Yes. The patients in this study were likely similar to those in any tertiary pediatric intensive care unit.

2. Will the results lead directly to selecting or avoiding therapy?

No. The study did not attempt to identify any therapy or modifiable risk factors associated with the development of ICU acquired weakness in children. Until a pediatric study is performed, we must extrapolate information from adult studies, which suggest a potential association between ICU acquired weakness and corticosteroid or neuromuscular blockade - mandating their judicious use (5).

3. Are the results useful for reassuring or counseling patients?

In discussing prognosis with parents, it is reassuring that the incidence of ICU acquired weakness in this hospital was low. But given the extreme heterogeneity of PICU patients with respect to diagnosis and severity of disease, and likely differential risk factors for developing weakness, it would be more beneficial to know the incidence of weakness in subsets of PICU patients. After calculating the relative risk for the transplant children and those with mechanical ventilation > 5 days, I would consider informing families of children in these subsets there is a high likelihood their child will develop significant muscle weakness.

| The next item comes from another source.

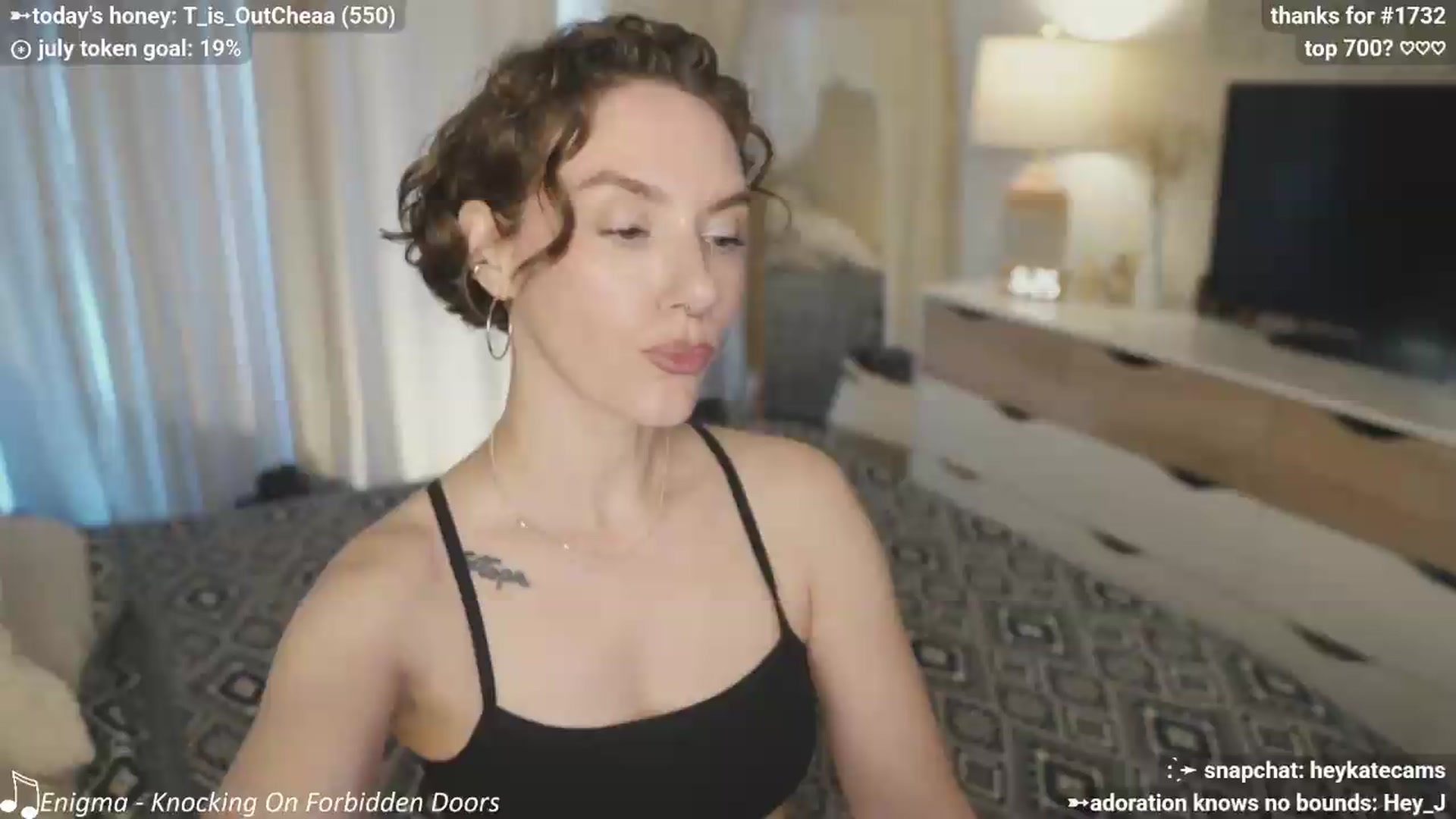 Gallery image thumbnail from HeyKate's myfreecams stream on, 07/12/2026, 03:23 image 7 of 20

This paper represents one of the first investigations into ICU acquired weakness in children. There is much to be studied about risk factors, characteristics, and prognosis of ICU acquired weakness in children before we can counsel parents in this area. For now, we can say the overall incidence is low in a general PICU population, but likely higher in a subset of "sicker" patients, such as those with organ transplantation and prolonged mechanical ventilation.

References

  1. Kleyweg R, VanDerMeché F, Schmitz P. Interobserver agreement in the assessment of muscle strength and functional abilities in Guillain-Barré syndrome. Muscle Nerve. 1991;14:1103Ð1109. [abstract]
  2. Fletcher SN, Kennedy DD, Ghosh IR, et al. Persistent neuromuscular and neurophysiologic abnormalities in long-term survivors of prolonged critical illness. Critical Care Medicine 2003, 31:1012-1016. [abstract]
  3. van der Schaaf M, Beelen A, de Groot IJ. Critical illness polyneuropathy: a summary of the literature on rehabilitation outcome. Disability Rehabilitation 2000, 22: 808-810. [abstract]
  4. De Jonghe B, Sharshar T, Lefaucheur JP, et al. Paresis acquired in the intensive care unit: a prospective multicenter study. JAMA 2002, 288:2859-2867. [abstract] [PedsCCM EB Journal Club Review]
  5. De Jonghe B, Sharshar T, Hopkinson N, Outin H. Paresis following mechanical ventilation. Current Opinions in Critical Care 2004, 10:47-52. [abstract]
  6. De Jonghe B, Cook D, Sharshar T, Lefaucheur JP, Carlet J, Outin H. Acquired neuromuscular disorders in critically ill patients: a systematic review. Intensive Care Medicine 1998, 24:1242-1250. [abstract]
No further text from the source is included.